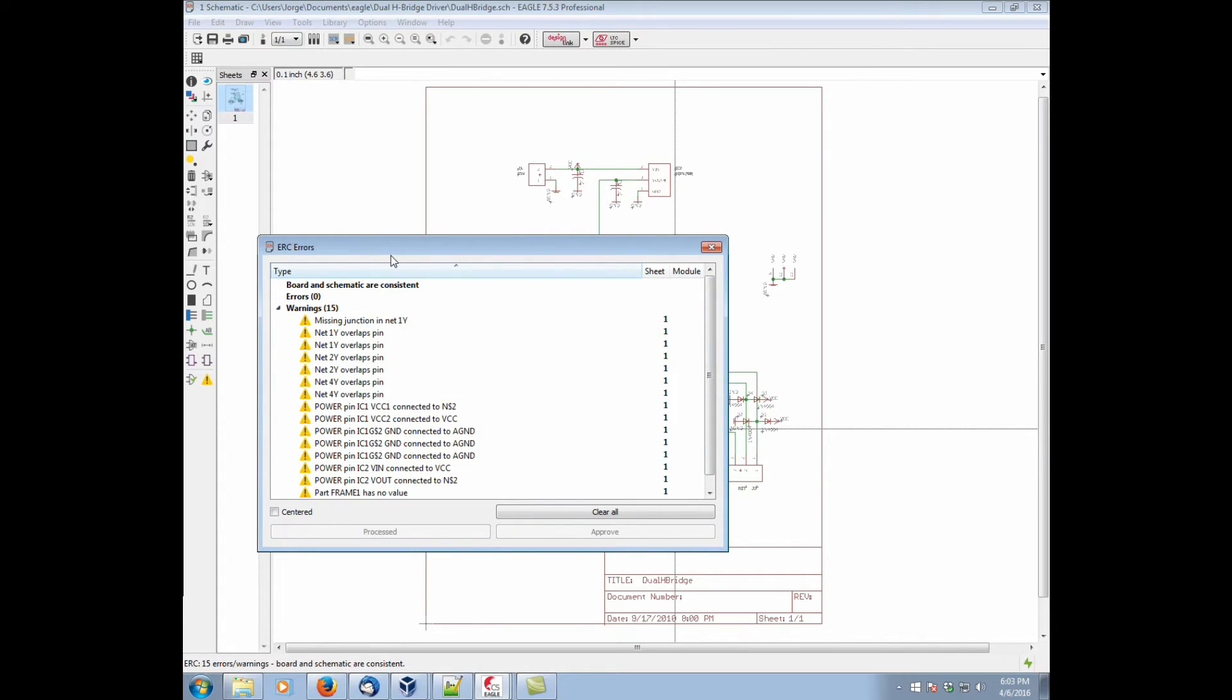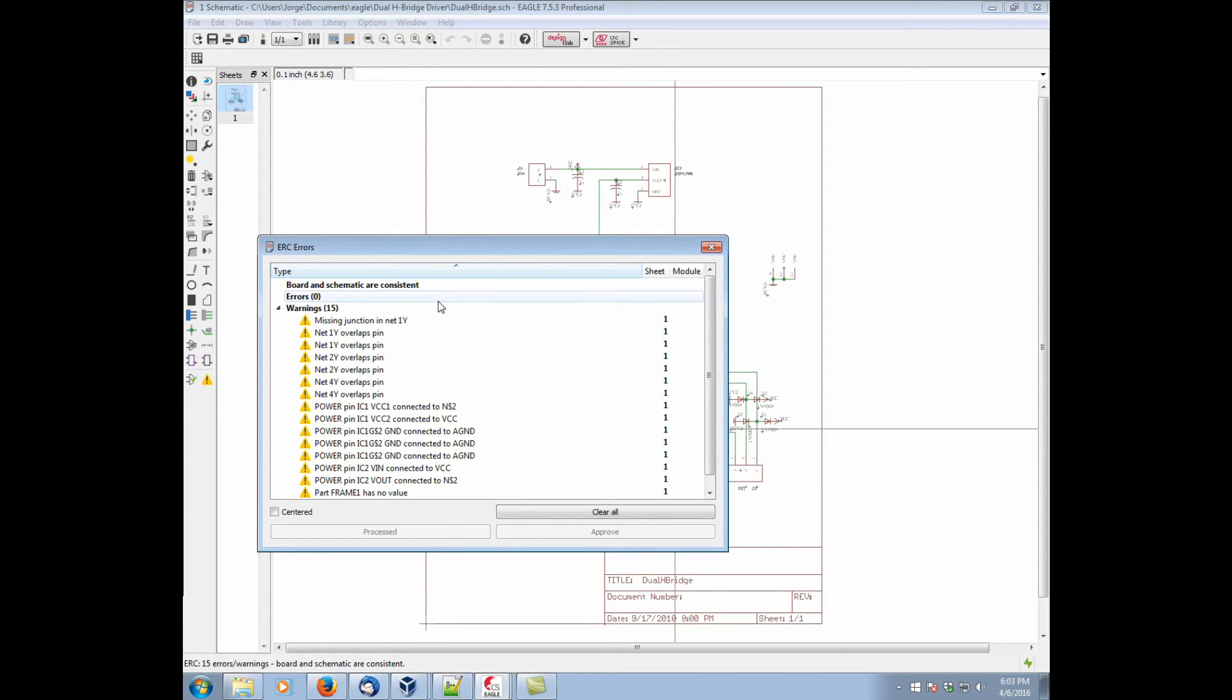So there are several types of errors you may receive. You may have normal design errors such as different overlapping connections that have different names, things of that nature.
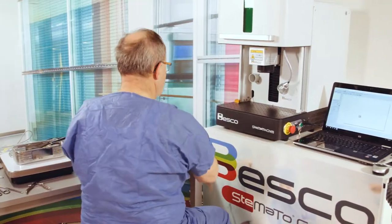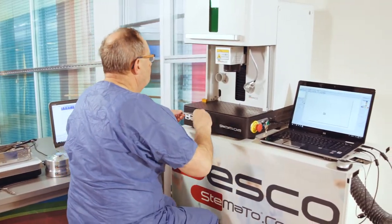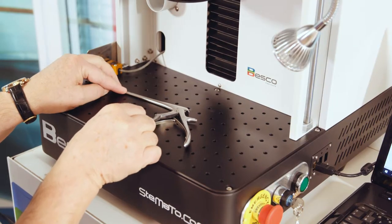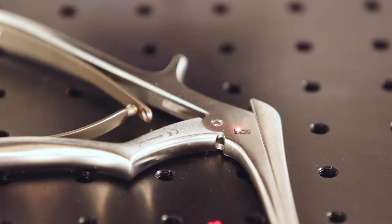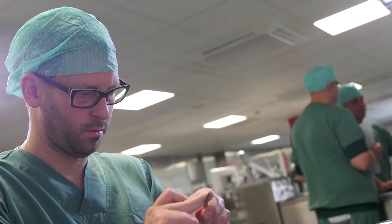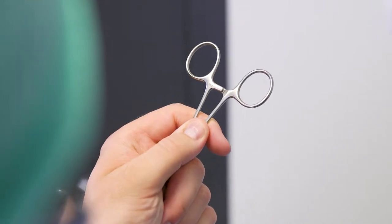In Stomato, tracking on instrument level is possible. Every instrument will be marked with a unique data matrix. The marks are durable and safe.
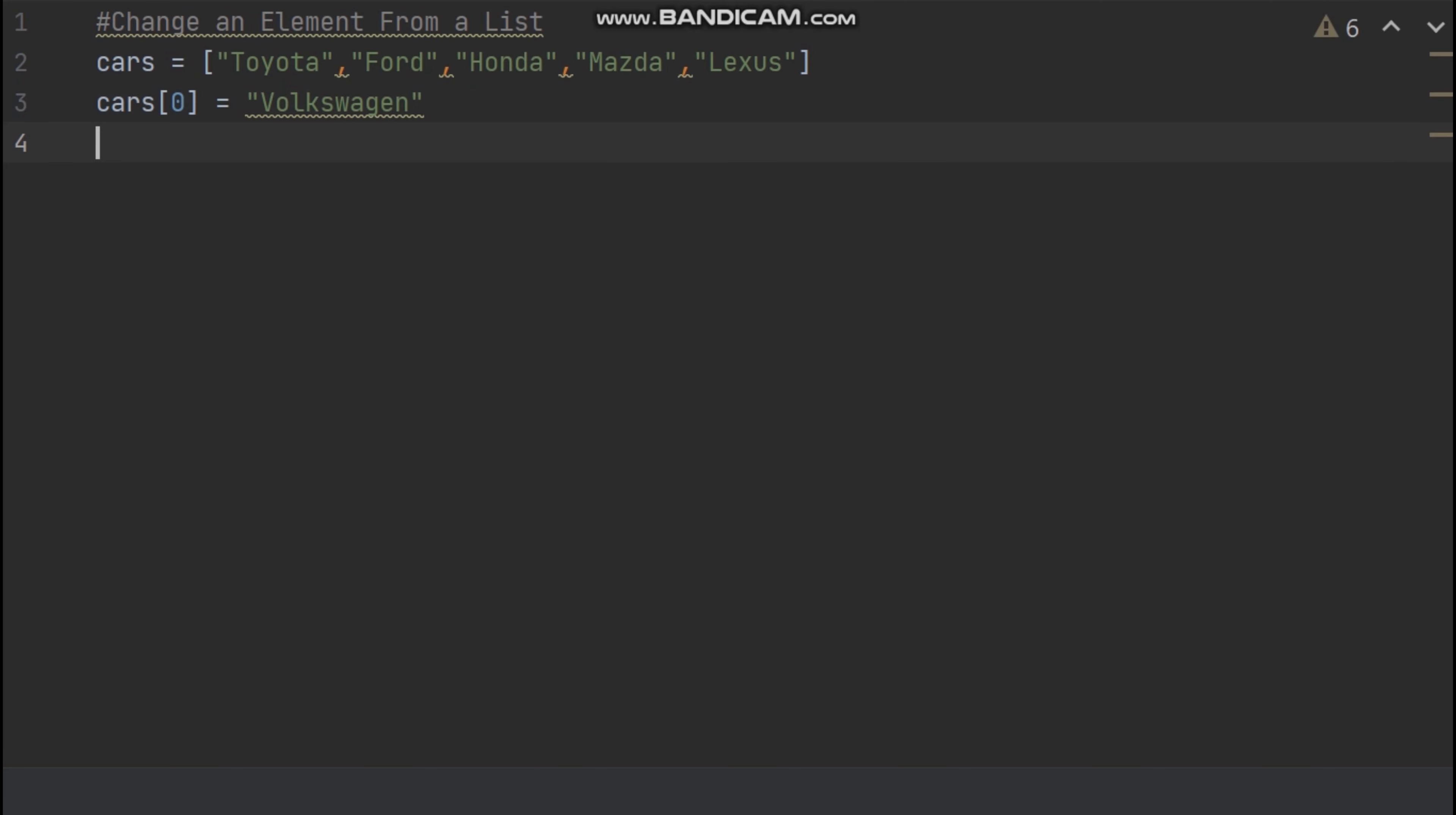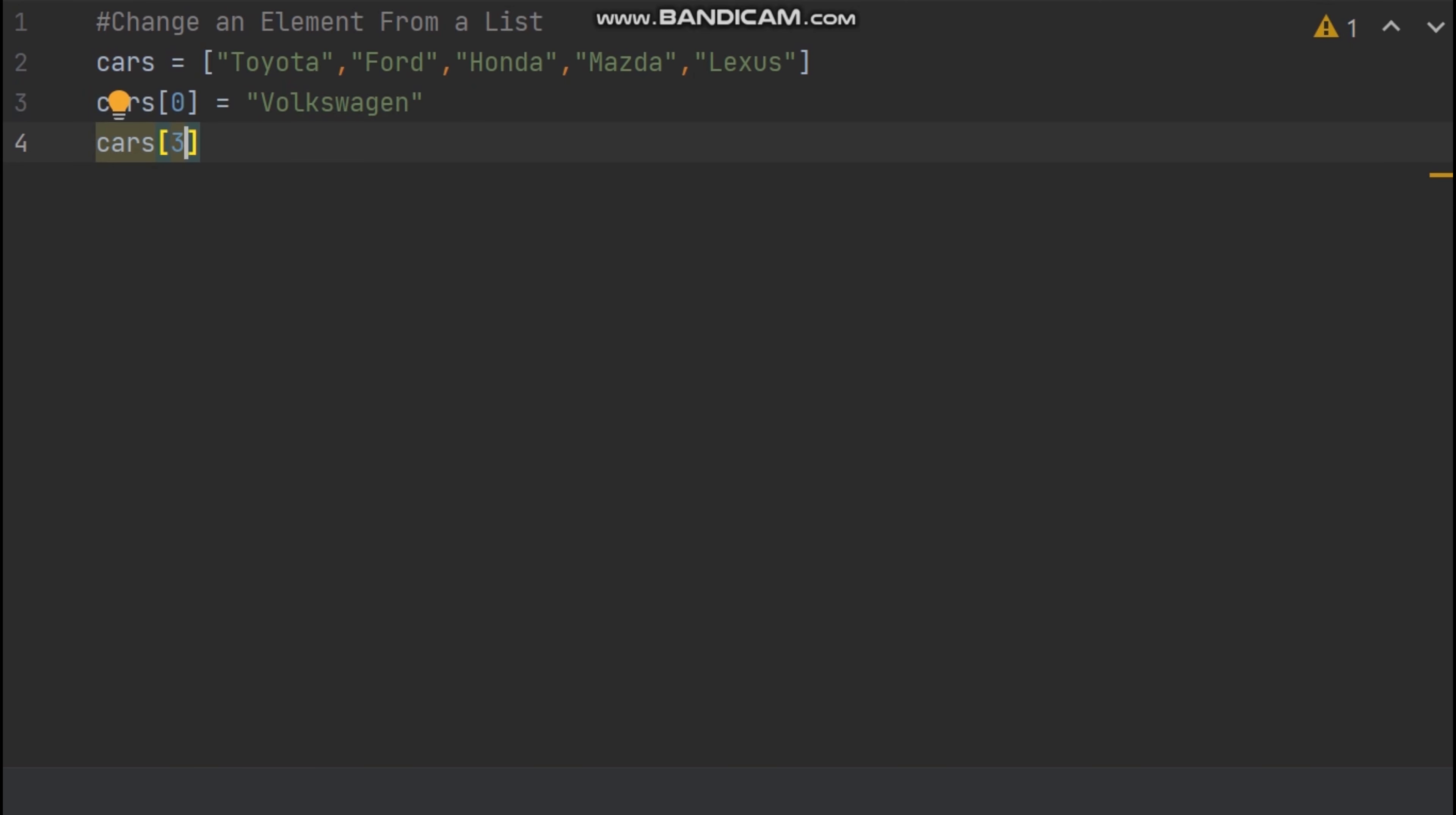Mazda is located in third index in the list. So now I type cars, open square brackets, inside square brackets now I type number three, which means I want to change Mazda value to BMW in this list. Mazda is located in third index, therefore I type number three inside the square brackets.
----
— Task instructions —
What you give back should be exactly the lines from the top of the data above down to and including the line with "In Stomato, tracking", minus any pictures.

— Answer below —
So there are several types of errors you may receive. You may have normal design errors such as different overlapping connections that have different names, things of that nature.
In Stomato, tracking on instrument level is possible. Every instrument will be marked with a unique data matrix. The marks are durable and safe.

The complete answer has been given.